Nonetheless, it would be nice if some of the negative issues he correctly notes were fixed.

By Colin Picker

Law research and ethics clearance

Thanks to one of my colleagues for sharing this interesting discussion from Inside Story about ethics clearance (by Gillian Cowlishaw).

The discussion in the article concerns the difficulties social science researchers (which includes law) face in complying with ethics clearance rules and ethics committees that may not be well suited to the research methodologies typically undertaken by law researchers.  While the story focuses on ethics clearance in Australia, it is likely that law researchers (including PhD students) in other parts of the world face similar demands, many of which may also be irrelevant or inapposite to their research.

The article certainly accords with my own experience – even as I recognise the good intentions and hard work of those serving on ethics committees. I am, however, quite pessimistic that the present ethics clearance system will improve. Rather, I expect that it will continue to be ever more burdensome and far removed from the world of legal research.

Any thoughts/responses?

By Colin Picker

GAJE conference and the India Supreme Court case re-criminalizing gay sex

The 7th Global Alliance for Justice Education (GAJE) conference currently occurring in Delhi India was inspiring on many levels.  It raised questions about the role of law schools in preparing lawyers who are responsible to their communities, and are ethical and caring people.   It also challenged participants to takehome learnings about how they could personally change the way they teach to create lawyers who care about justice on all its levels.

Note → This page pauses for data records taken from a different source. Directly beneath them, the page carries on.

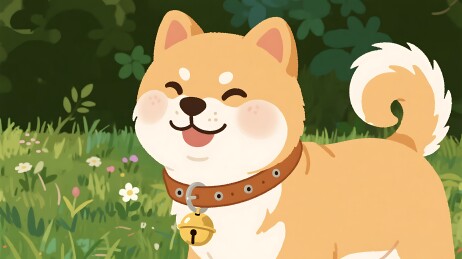 快乐柴犬草地欢笑时刻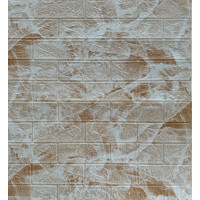 3Д панелі самоклейка під цеглу мармур капучіно 700x770x3мм, стінові самоклеючі 3D панелі (220-3)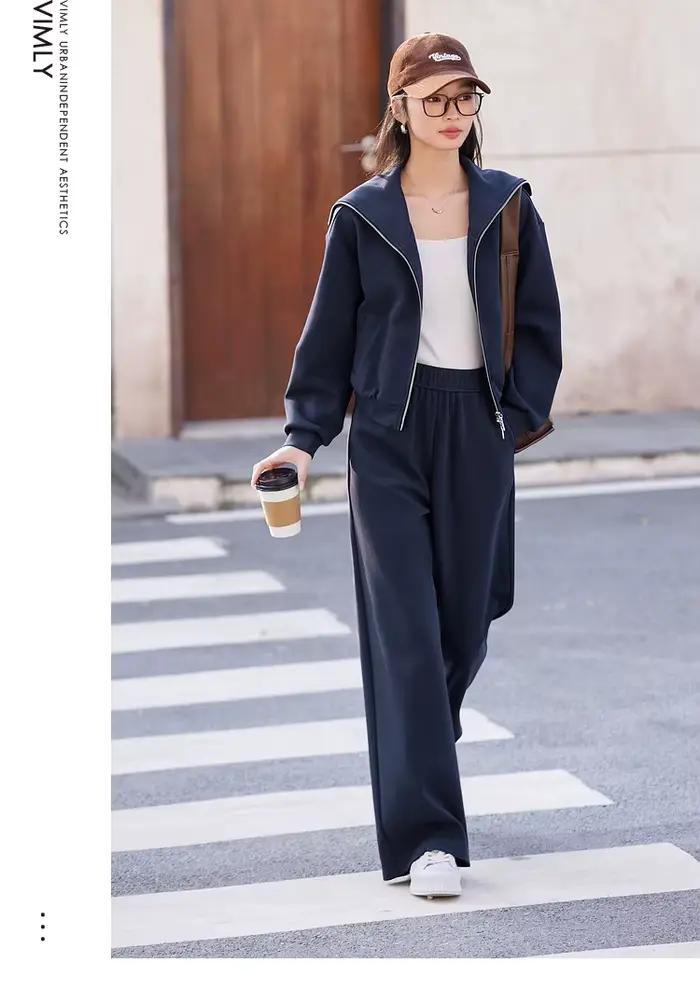 Ensemble survêtement décontracté VIMLY pour femme, col marin, fermeture éclair, pantalon, tenue spor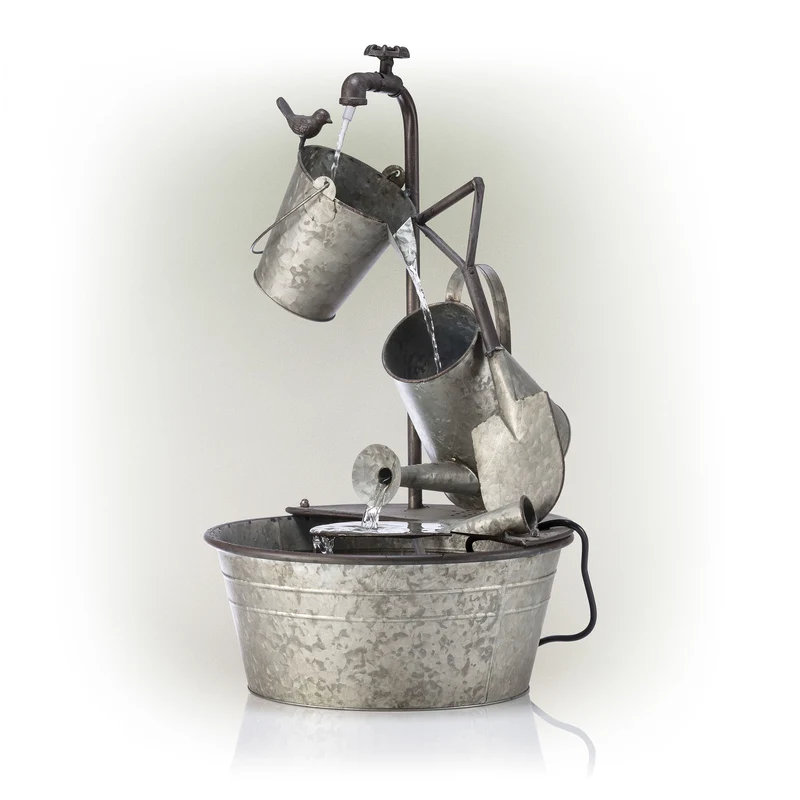 FUENTE DE METAL PLATA 29" DE ALTO Alpine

It was a shame that at the same time as the Indian Supreme court delivered a very conservative judgment re-criminalising gay sex (on Section 377 of the Indian Penal code), that the conference did not take the opportunity to discuss this.  The mainstream newspapers and media outlets were full of discussion about the decision and various commentators explaining what is likely to happen next and the impact on the Lesbian, gay,  bisexual, transgender and intersex (LGBTI) community.  With such a land mark decision at the same time as the conference, it’s disappointing that a group of justice educators did not discuss the decision in a plenary session.  Perhaps it’s indicative of the still challenging nature of discussing any questions relating to gender identity or sexuality in many countries, including in India.  It’s also partially explained because the conference was at Jindal University, about 2 hours out of Delhi with no access for delegates to radio, television or local papers.  It did have excellent Wifi and I’m sure Indian delegates would have been aware of the decision but didn’t raise it for discussion. The opportunity was lost to discuss these issues in an international conference as no doubt there would have been many perspectives and experiences which would have been shared, with the potential for combined action.  It’s encouraging that so many in the mainstream media in India recognized the decision’s significance and saw it as a breach of human rights.

By Anna Cody

Pressure to publish in select journals results in distortions

Randy Schekman, Nobel prize winner, says his lab will no longer send papers to top scientific journals Nature, Cell and Science because of his belief that the pressure to publish in such journals distorts science. More and more, legal academics are coming under the same kids of pressure to publish in particular “prestigious” journals. As is the case in science, such pressure distorts the kinds of legal scholarship that academics choose to pursue. Since prestigious journals only rarely overlap with practitioner journals, for example, there is a risk that engagement between academia and the profession will decline. Is this simply a game we all accept we have to play for career progression, do we believe that it is ultimately of benefit to the legal academy to go along with this, or is it something on which we should, like Schekman, take a stand?